What is the House of Commons asking?

In their 2018 manifesto, the Conservative Party stated their intent to end LGBTQ+ conversion therapy. They once again re-iterated that stance in a statement by Equalities Minister Liz Truzz on June 5th this year.

On Friday 3rd July 2020, however, The House of Commons has put out a survey asking how Conversion Therapy affects the LGBTQ+ community, and whether or not it should be made illegal. This survey was then removed, and the original tweet deleted.

As with the consultation around the Gender Recognition Act that the government conducted in 2018, it is imperative that we work together as a community to ensure that our voices are heard and that this barbaric and awful this type of therapy is to members of the LGBTQ+ community.

On this website is information, supported by hard evidence, that was compiled with the intent to help you in answering the questions that the House of Commons were asking.

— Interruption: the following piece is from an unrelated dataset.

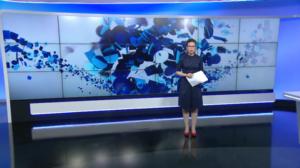 Urheiluruutu: 26.05.2019 18.10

While the tweet and survey have now been removed, this work will continue to stand as a source of information and proof of the power of our community to come together in solidarity.


@HouseofCommons How does #conversiontherapy affect the #LGBTQ community? Should it be made illegal? What would that mean to you? @HoCpetitions is investigating a petition calling for the practice to be made illegal. Click the image to share your insights ⬇️ Deadline: Monday 13 July

The first two questions ask for your Personal Details


Q3. How does conversion therapy affect the LGBTQ+ community?

This question is an opportunity to highlight key cases in history and show how they impact every part of the LGBTQ+ community.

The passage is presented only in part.